EUROPE - Industry analysts reaffirmed their forecasts for a mid-2008 return to fair value in the UK property market last week after GIC's acquisition of shares in British Land triggered speculation the market had already started to bottom out.
The Singaporean sovereign wealth fund (SWF), known as the Government of Singapore Investment Corporation (GIC), upped its share in the UK Reit to above 3%, putting it among the firm's top five investors, behind the €220m Dutch pension fund ABP.
British Land, the world's third-largest Reit with £15.9bn (€21bn) in assets under management, has lost half its share price in recent months.
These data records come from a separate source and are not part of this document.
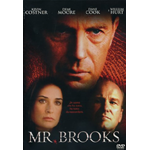 Mr. Brooks [Dvd Usato]
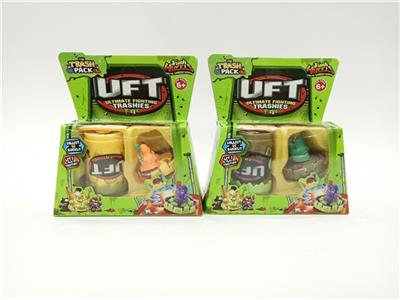 1 gyro trash can only one doll (4) - OBL739281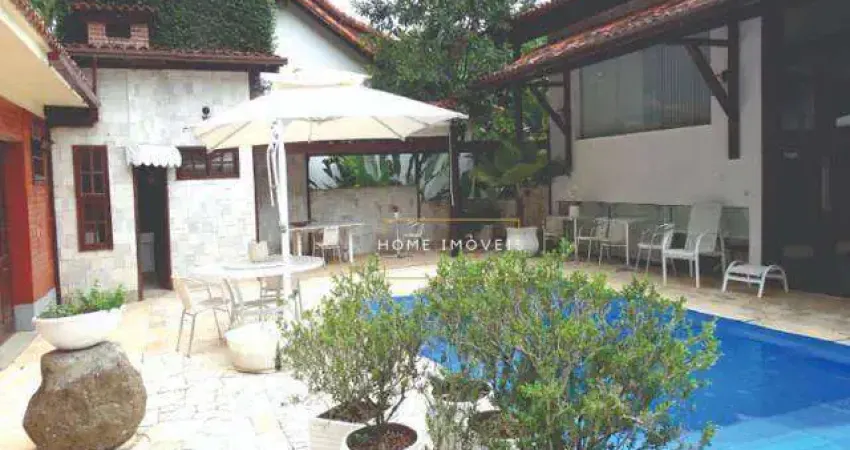 Casa com 4 dormitórios à venda, sendo 1 suíte, 450 m² por r$ 1.263.000 - itaipu - niterói/rj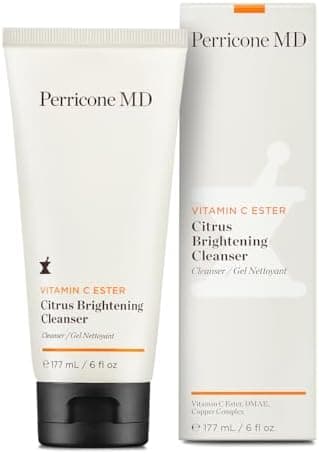 Perricone MD Vitamin C Ester Citrus Brightening Cleanser - 6…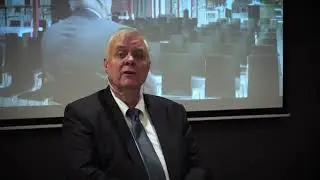 Френк Пьюселик. Приглашение на конференцию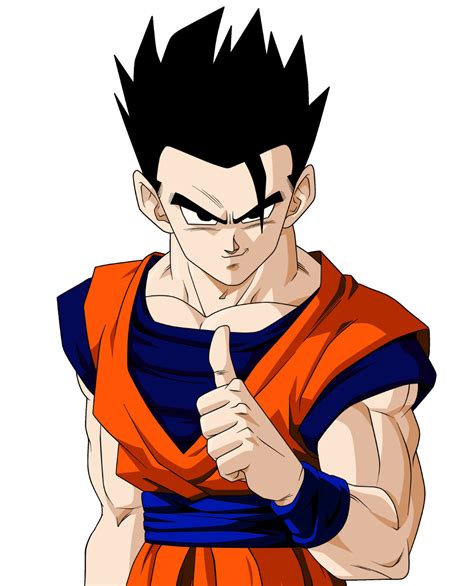 Son Gohan (Universe 7) | DragonBallZUniverse Wiki | Fandom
However, Schroder's fund managers have voiced a consensus view suggesting the UK property market will not return to fair value before the spring.
A report released by CB Richard Ellis last week also argued Irish investors, previously active in the UK market, did not expect to see the market floor for a few months.
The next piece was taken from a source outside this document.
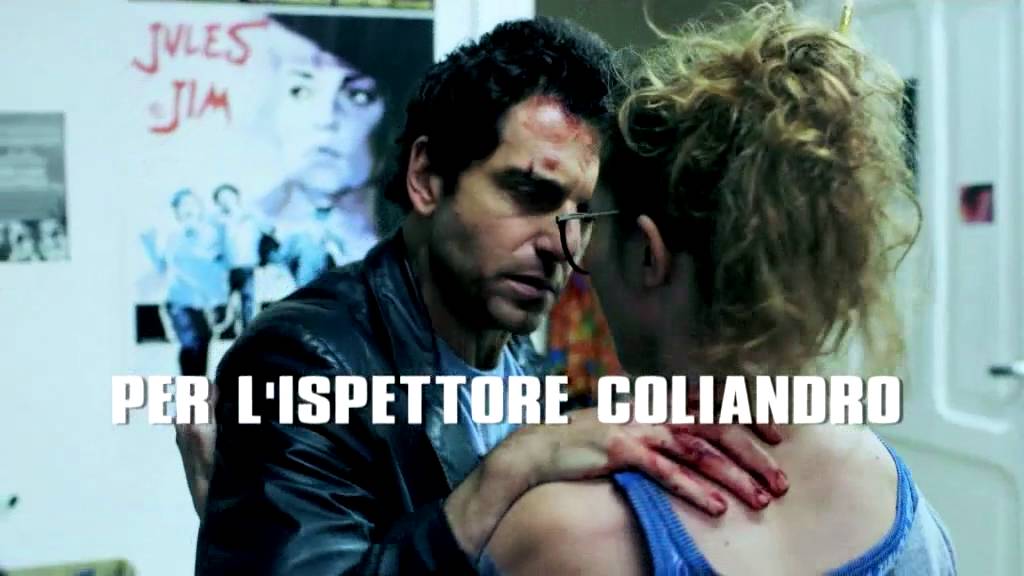 Coliandro is back! Venerdì 15 gennaio alle 21.15 su Rai2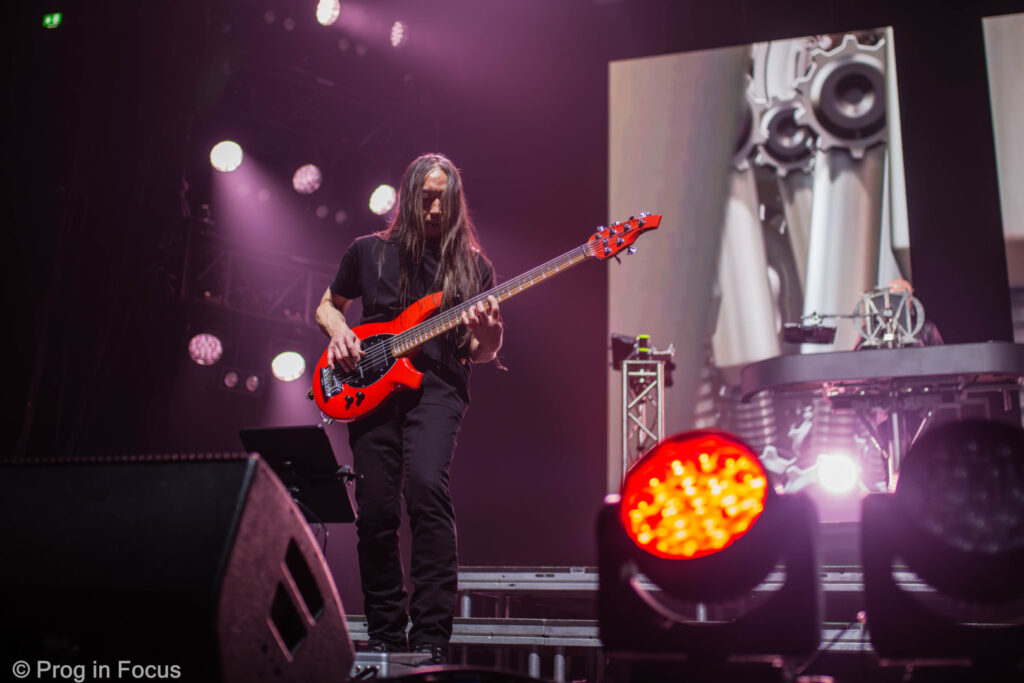 Dream Theater, 12.11.24, Esch-Uelzecht (LU), Rockhal Box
Much of the hype around GIC's share acquisition - an addition to the 15m shares worth £133m it already holds in other companies - has less to do with the UK market cycle than with current concerns over sovereign wealth funds' alleged lack of transparency. The OECD urged governments late last year to introduce codes of conduct for these state-owned investment vehicles clarifying their objectives, investment strategies and governance models.
In SWF terms, GIC ranks third in size behind UAE and Norway's state (oil) pension fund. According to OECD data for 2006, GIC has US$215bn (€145bn) in assets under management.
In separate news, ABP upped its shareholding in Land Securities, the UK Reit, without attracting significant attention.